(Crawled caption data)
****

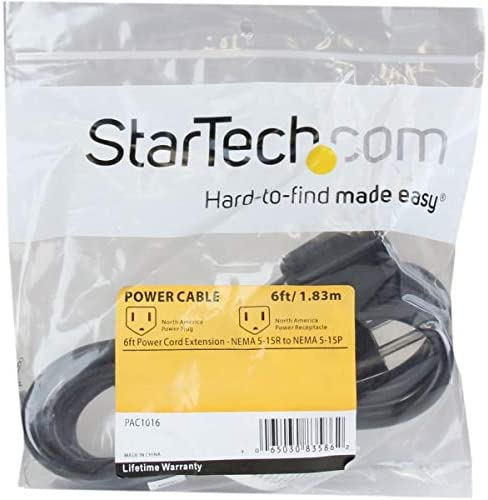 StarTech.com Power Extension Cable - 125V AC - 15A - 6ft - Black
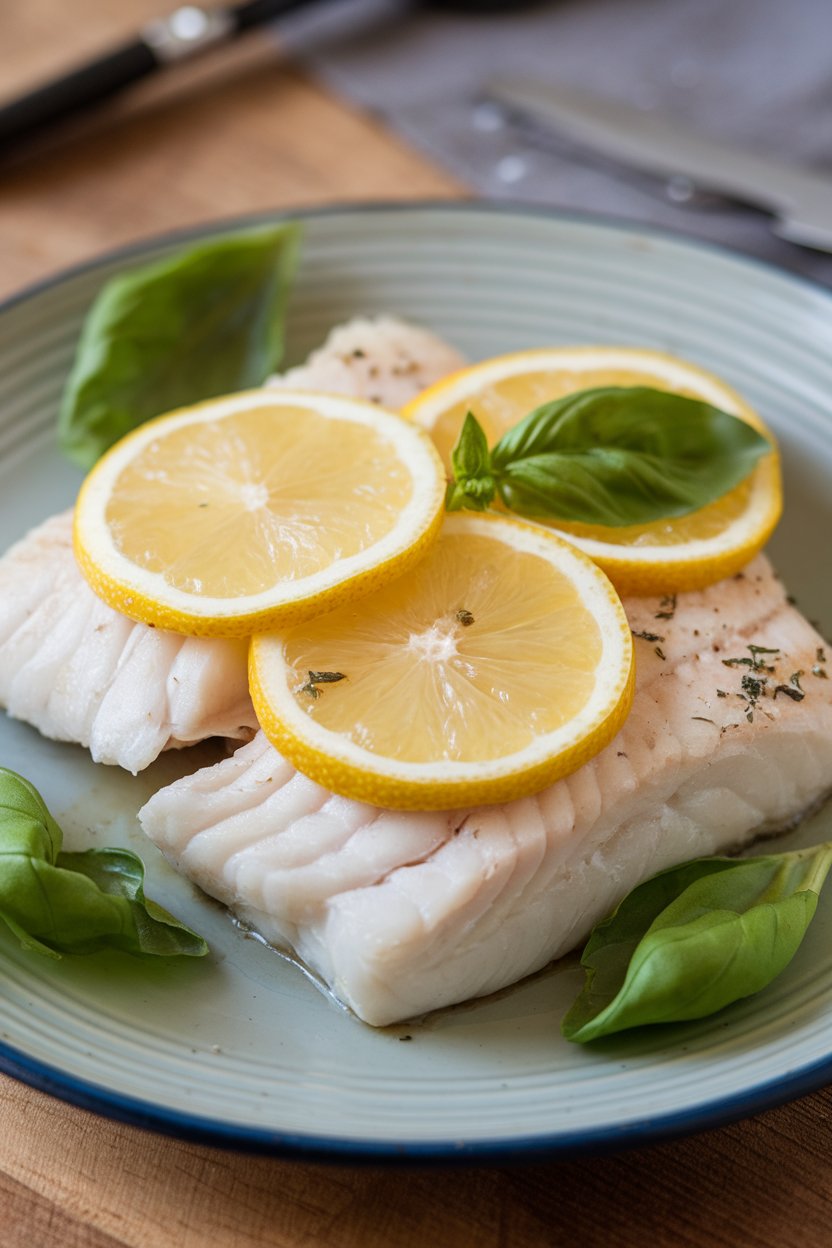Indoor food photo of flaky cooked white fish fillet with lemon slices and basil leaves on a plate; no raw fish, no text or logos.
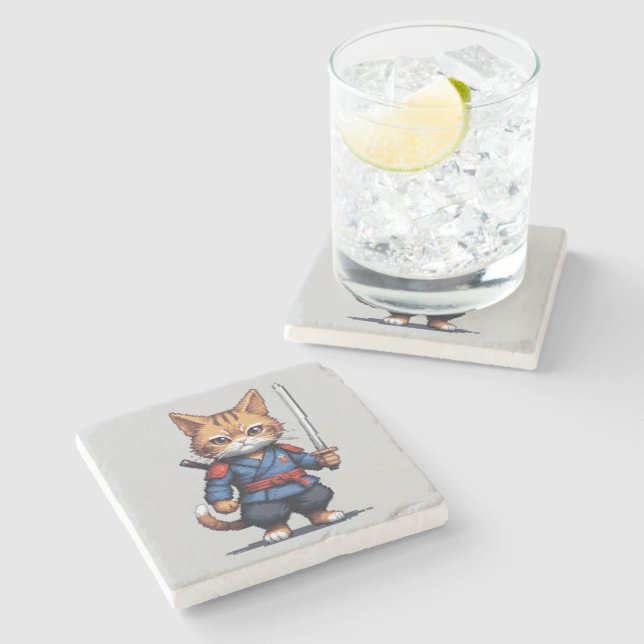 Porta-copo De Pedra Samurai Cat Pixel Art (Lateral)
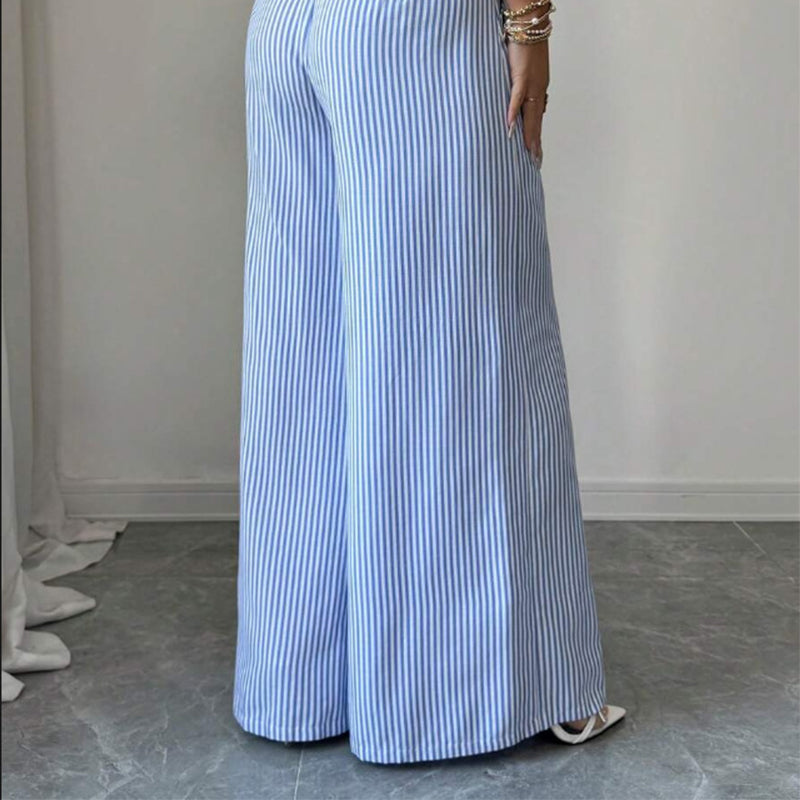Gestreifte Damen Leinenhose aus Leinen mit weitem Bein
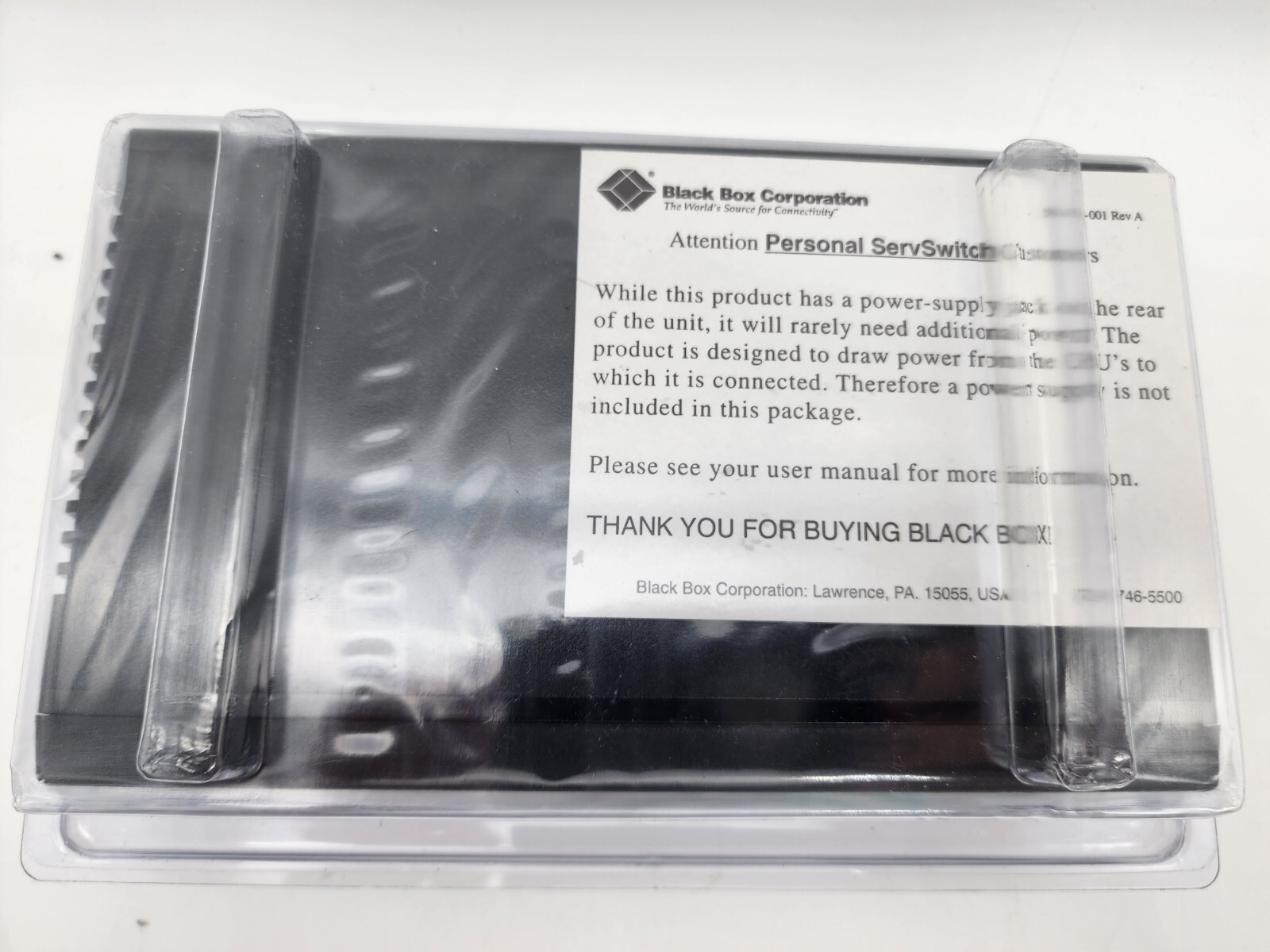Black Box 520-168-001 ServSwitch 2-Port KVM Switch Model SW625A-R2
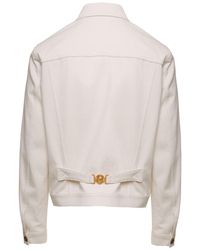 Versace - Denim Jacket With Medusa Head Buttons In White Cotton Man - Lyst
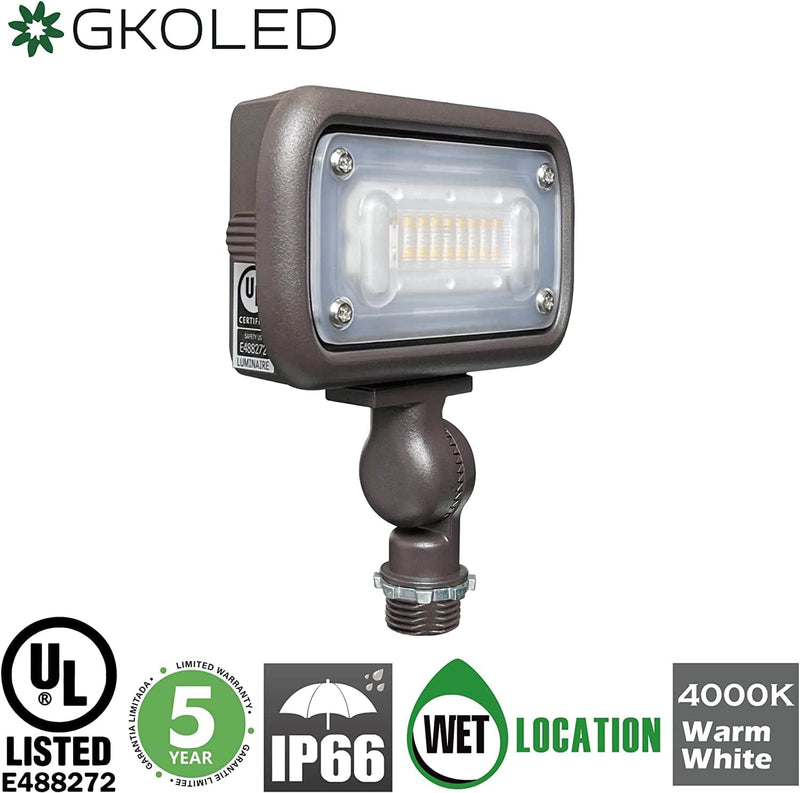 15W Outdoor LED Flood Security Lights, Waterproof Landscape Lighting, 50W PSMH Equivalent, 1500 Lumens, 4000K Cool White, 1/2" Adjustable Knuckle, Ul-Listed, 5 Years Warranty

****

The entries should be printed again exactly as written, leaving all pictures out.

 StarTech.com Power Extension Cable - 125V AC - 15A - 6ft - Black
Indoor food photo of flaky cooked white fish fillet with lemon slices and basil leaves on a plate; no raw fish, no text or logos.
 Porta-copo De Pedra Samurai Cat Pixel Art (Lateral)
Gestreifte Damen Leinenhose aus Leinen mit weitem Bein
Black Box 520-168-001 ServSwitch 2-Port KVM Switch Model SW625A-R2
 Versace - Denim Jacket With Medusa Head Buttons In White Cotton Man - Lyst
 15W Outdoor LED Flood Security Lights, Waterproof Landscape Lighting, 50W PSMH Equivalent, 1500 Lumens, 4000K Cool White, 1/2" Adjustable Knuckle, Ul-Listed, 5 Years Warranty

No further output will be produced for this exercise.